<<<<
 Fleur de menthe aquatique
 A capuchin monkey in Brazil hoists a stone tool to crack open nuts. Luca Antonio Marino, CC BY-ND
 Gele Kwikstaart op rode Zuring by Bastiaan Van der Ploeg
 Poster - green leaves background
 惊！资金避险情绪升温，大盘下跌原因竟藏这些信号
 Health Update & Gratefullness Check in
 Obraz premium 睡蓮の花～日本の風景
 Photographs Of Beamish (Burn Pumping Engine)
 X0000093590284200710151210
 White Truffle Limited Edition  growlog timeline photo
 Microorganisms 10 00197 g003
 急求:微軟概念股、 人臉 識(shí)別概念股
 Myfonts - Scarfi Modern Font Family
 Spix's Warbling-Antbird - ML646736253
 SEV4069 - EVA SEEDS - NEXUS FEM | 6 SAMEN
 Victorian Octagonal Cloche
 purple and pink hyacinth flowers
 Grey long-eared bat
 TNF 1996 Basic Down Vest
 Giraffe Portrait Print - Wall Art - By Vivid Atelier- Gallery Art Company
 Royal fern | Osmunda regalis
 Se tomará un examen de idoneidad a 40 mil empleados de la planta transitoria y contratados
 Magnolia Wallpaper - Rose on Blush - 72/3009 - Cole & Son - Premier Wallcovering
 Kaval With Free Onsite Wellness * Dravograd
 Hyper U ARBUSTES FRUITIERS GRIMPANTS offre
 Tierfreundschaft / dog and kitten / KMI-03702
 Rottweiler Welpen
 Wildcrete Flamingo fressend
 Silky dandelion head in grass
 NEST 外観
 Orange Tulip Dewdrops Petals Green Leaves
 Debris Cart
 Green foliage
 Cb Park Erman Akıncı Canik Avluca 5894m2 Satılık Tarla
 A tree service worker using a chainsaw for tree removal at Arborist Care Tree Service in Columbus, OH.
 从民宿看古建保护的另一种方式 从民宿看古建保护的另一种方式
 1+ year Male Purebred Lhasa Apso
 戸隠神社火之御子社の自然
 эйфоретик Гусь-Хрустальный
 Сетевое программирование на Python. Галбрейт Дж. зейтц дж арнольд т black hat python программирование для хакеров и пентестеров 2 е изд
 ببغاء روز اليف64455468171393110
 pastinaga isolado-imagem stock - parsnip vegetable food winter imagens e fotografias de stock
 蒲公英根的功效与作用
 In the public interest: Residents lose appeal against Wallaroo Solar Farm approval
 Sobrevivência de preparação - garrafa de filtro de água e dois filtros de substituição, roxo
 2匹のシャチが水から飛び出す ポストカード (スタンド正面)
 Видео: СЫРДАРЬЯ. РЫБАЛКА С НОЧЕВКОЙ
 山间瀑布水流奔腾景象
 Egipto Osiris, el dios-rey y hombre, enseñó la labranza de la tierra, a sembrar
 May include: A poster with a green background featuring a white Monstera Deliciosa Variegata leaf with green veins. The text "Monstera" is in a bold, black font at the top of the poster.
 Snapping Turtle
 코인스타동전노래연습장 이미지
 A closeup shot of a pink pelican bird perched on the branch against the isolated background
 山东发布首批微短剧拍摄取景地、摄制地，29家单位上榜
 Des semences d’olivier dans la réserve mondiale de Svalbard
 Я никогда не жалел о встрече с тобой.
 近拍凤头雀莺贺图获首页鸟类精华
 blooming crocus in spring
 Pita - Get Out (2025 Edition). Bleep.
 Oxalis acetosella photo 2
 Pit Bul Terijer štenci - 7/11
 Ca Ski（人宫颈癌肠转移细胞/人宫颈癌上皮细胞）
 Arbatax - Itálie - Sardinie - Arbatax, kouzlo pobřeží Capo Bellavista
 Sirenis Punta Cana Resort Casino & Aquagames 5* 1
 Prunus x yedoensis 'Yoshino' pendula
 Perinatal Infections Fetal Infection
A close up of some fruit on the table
>>>>
What is required:
Nothing but the lines above from the one containing "In the public" through the one containing "Egipto Osiris, el" should appear in the answer, each repeated exactly.

Solution to this task:
 In the public interest: Residents lose appeal against Wallaroo Solar Farm approval
 Sobrevivência de preparação - garrafa de filtro de água e dois filtros de substituição, roxo
 2匹のシャチが水から飛び出す ポストカード (スタンド正面)
 Видео: СЫРДАРЬЯ. РЫБАЛКА С НОЧЕВКОЙ
 山间瀑布水流奔腾景象
 Egipto Osiris, el dios-rey y hombre, enseñó la labranza de la tierra, a sembrar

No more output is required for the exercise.